Relational: Increase positive interactions with others to build resilience and maximize cognitive power. Your resilience level is corresponded with the number of positive reactions you have with others in a day. In the primitive brain, the knowledge that someone cares about you actually increases your chances for survival.
- For yourself: have quick, positive conversations with people you trust. Ask others for their help and advice. Talk openly about your stress. Take advantage of digital social networking opportunities.
- For others: offer to help others. Remind those around you of their successes. Offer empathy rather than judgment; “you need to calm down” is the worst possible thing you can say to someone.
Building New Habits: Shifting Your Daily Rhythm
- Define what a good day looks like for you. [3]
- Identify possible disruptors so that you can prepare for and manage these. It’s critical to have figured out how to handle a trigger before you are in the moment. Identify techniques for when you can leave the situation, such as slipping out for a brief walk, AND for when you can’t, as when you’re in the middle of a meeting.
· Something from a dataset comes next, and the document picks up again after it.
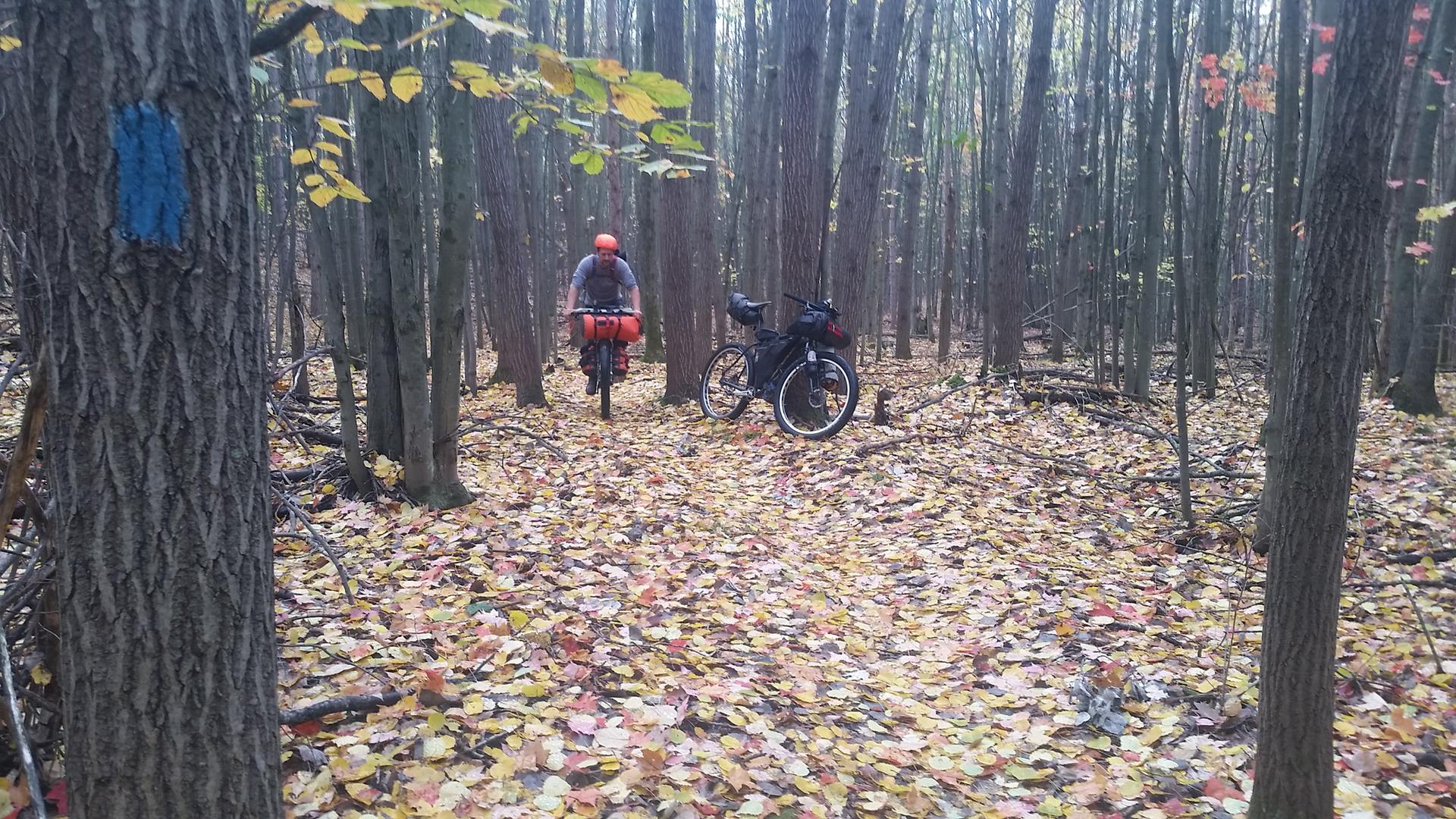 A cyclist rides a loaded bike on a leaf-covered forest trail in dappled light.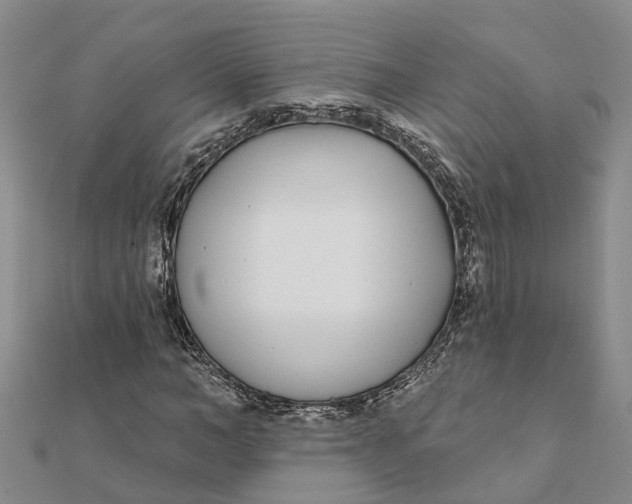 X0000111890966200908131651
- Map patterns in your day-to-day. Consider heatmapping your calendar; at the end of each hour, what stress zone were you in, and what put you there?
- Make small changes. Don’t try to change your whole life all at once! Change 15 minutes a day, going after your biggest stress trigger first. It’s reassuring to note that it only takes 90 seconds to reset your brain’s state if you’re not too deep in the red zone.
- Reflect continuously. Keep a log or journal. Approach building resilience as a project. Gaining resilience will offer major returns for your health, your career, and your general feeling of well-being.
With this new knowledge of the importance of resilience, what signs will you look for to determine if your stress is regulated? If you’re a manager, how will you notice whether your team is regulated? How can you begin to change your daily operating rhythm to overcome stress with regulation? While many factors in our current climate are outside of our control, there’s never a wrong time to begin addressing stressors to flex your resilience muscles.
[1] Who ever could have guessed I’d be quoting Mike Tyson in a blog post on an engineering blog?!
[2] From MedicineNet
[3] It can be interesting to check out inspiring morning and daily routines from celebrities and other successful businesspeople.